Description
[RFC] Controller for SPMD+MPMD
Background
Current work is being done to design a solution for making mark_sharding
first trace the model before it is loaded into devices (#9341). Together with Local SPMD, this should enable us to achieve SPMD+MPMD as per its RFC. One leftover question is which controller to leverage and how to do it. This RFC aims to provide an approach, and two examples of how SPMD+MPMD.
API Discussion
Before thinking about the specifics on the controller, I think it is important to quickly discuss the user interaction experience with SPMD+MPMD. Specifically, how to handle pipeline parallelism in the context of also doing gSPMD. I see two different approaches: (1) to hide some of that process behind a newly created API, or a new level of abstraction; (2) to leverage existing pipeline parallelism tooling.
I think there is a temptation to create something behind a new API to try to simplify the process as much as possible, and create an easy user experience. However, PyTorch already has strong tooling around pipeline parallelism. These tools see external use, and they themselves ease the process of handling multiple processes running different parts of the pipeline.
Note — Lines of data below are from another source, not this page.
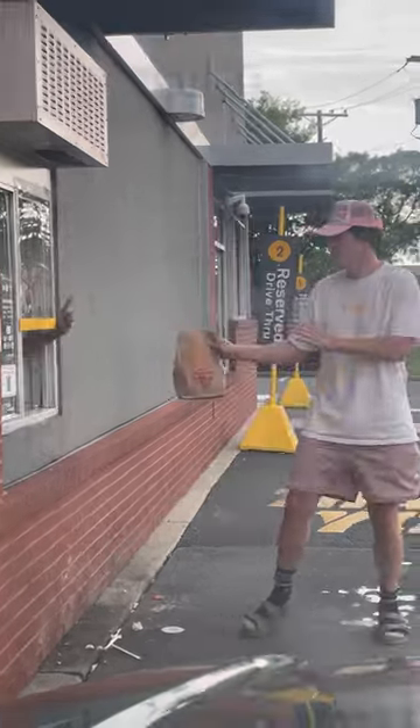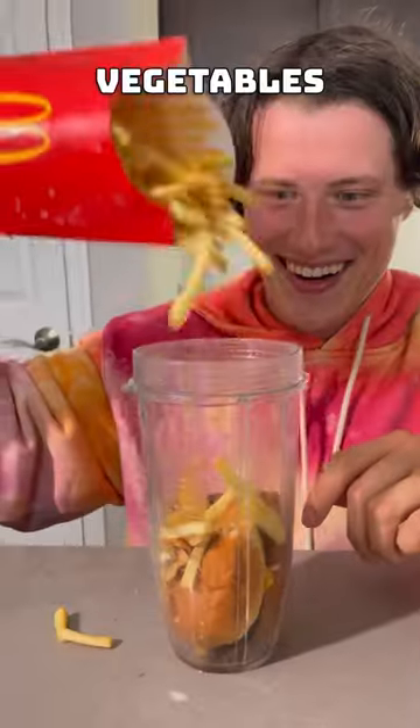If this actually works, how did nobody tell me this until today? I ran as fast as I could to get some food at McDonald's because right now I actually don't have any fruit or vegetables in my house.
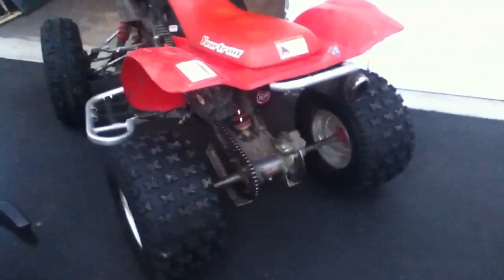Look at that — starts right off. All I did was put the choke on. That's it.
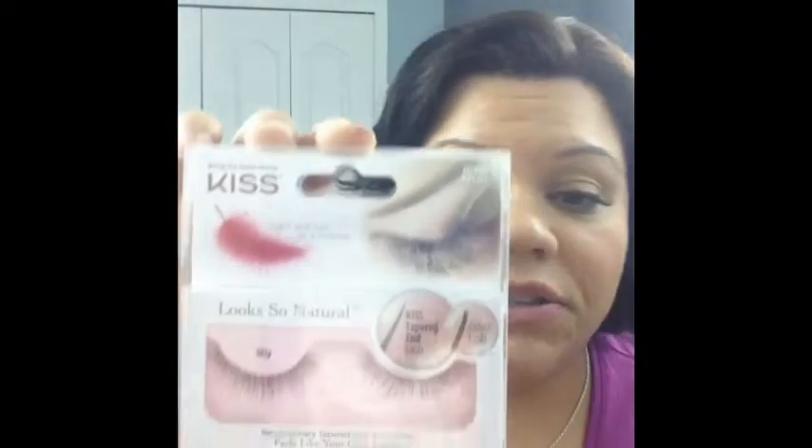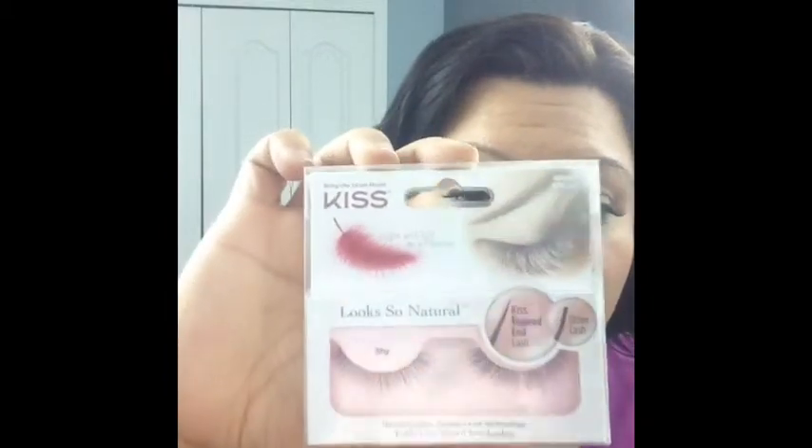I wish the video were a little better with the iPad, but I'm really happy. I also remembered that in my Influenster box, I got this pair — these are Kiss lashes. Light and soft as a feather, natural. The model is Shine, and they're tapered and feel like your own lashes, so they're probably going to be very natural — where I feel the Demi Whispies are not the most natural, but they're fun.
Rather than creating a new API standard, it is likely better to approach this from a pytorch angle from a “this is a pytorch backend, how do I do pipeline parallelism with pytorch”. Looking at that angle, it is better to support SPMD+MPMD in these pipeline parallelism APIs rather than to create a new API.
Approach
The general approach will be to:
- Trace model without loading it to devices
- Split model into individually executing modules
- Create processes to execute on split modules
- Have modules be executed by process that will be responsible for executing gSPMD
From an implementation perspective, the idea is that by allowing Local SPMD, and latent model initialization, APIs created to specialize on pipeline parallelism should be able to manage their individual processes.
PiPPy
PiPPy is the pipeline parallelism library created by pytorch. It has an overall tool set that might be convenient. For PiPPy, pipeline parallelism usually will usually take:
- Initializing a model without loading it to devices
- Creating a pipe through pipeline
a. At this step, aGraphModule
is created which contain the modules for each process to execute later - Initializing a process group (
dist.init_process_group
) - Creating
PipelineStage
s based on the pipe - Executing each pipeline stage
You can see a step by step in PiPPy’s read me, or a llama model example here.
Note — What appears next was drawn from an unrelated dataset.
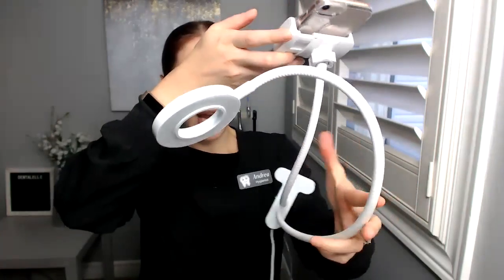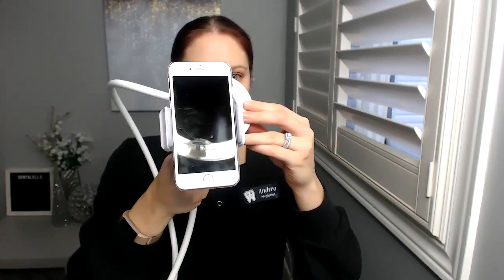I just have it hooked up to my cell phone right now. What I do is I have my cell phone there, I put the light behind it, and then my patient is sort of underneath. I do stand over the patient, so this is what it looks like from your view. I put this behind my cell phone, not in front — but just play around with it to find what works for you, depending on whether you're using your laptop, cell phone, or computer. You hook it up by USB.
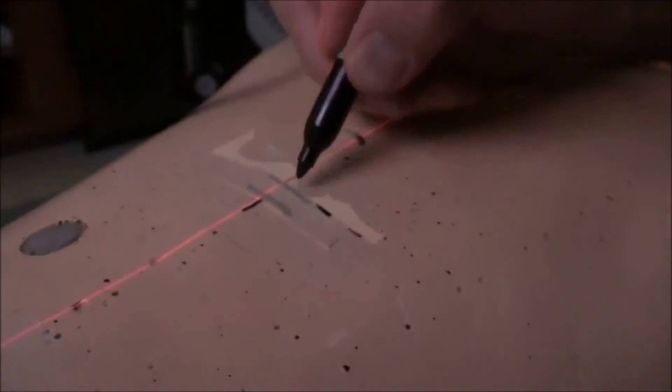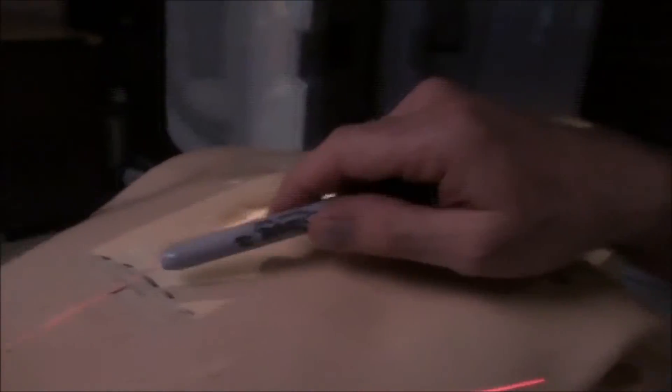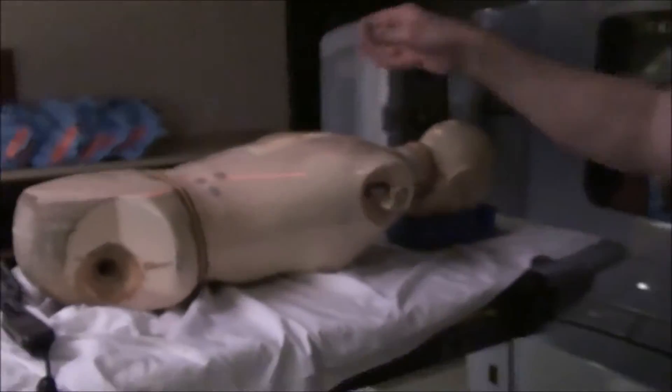Mark your match line at the inferior border. So now we've got our match line at the top, our next match line at the inferior border, and our depth set. Treat this field.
Either way, this lets PiPPy to admin individual processes while each process executes gSPMD for the specific modules it was created with.
Ray
Ray is a cluster controller for python that has a lot of utility for scaling large applications, including AI. Ray does not have an explicit pipeline parallelism API, but it can achieve it by leveraging its actors.
- Leverage PiPPy pipeline to create a
GraphModule
- Leverage “GraphModule” to identify module splits
- Create Ray actors based on these graph modules
- Launch Ray actors, and wait for them to resolve
Ray will administer the different actor pod while each pod executes gSPMD for the specific modules it was created with.
A tale of two pipeline parallelism approaches
Currently PyTorchXLA does have a pipeline parallelism approach documented in https://github.com/pytorch/xla/tree/r2.7?tab=readme-ov-file. In its existing approach, each device is associated with a process. As the original SPMD+MPMD RFC highlighted, this is a flawed approach as we are unable to apply gSPMD when using pipeline parallelism. The endeavor here to allow gSPMD to run in pipeline parallel through PiPPy, Ray, and other APIs might cause some confusion as a duplication of functionality.
Given that, it is worth noting that after the SPMD+MPMD effort, we should reassess our existing pipeline parallelism methodology, and see if it is possible to deduplicate to the more pytorch approach suggested in the RFC.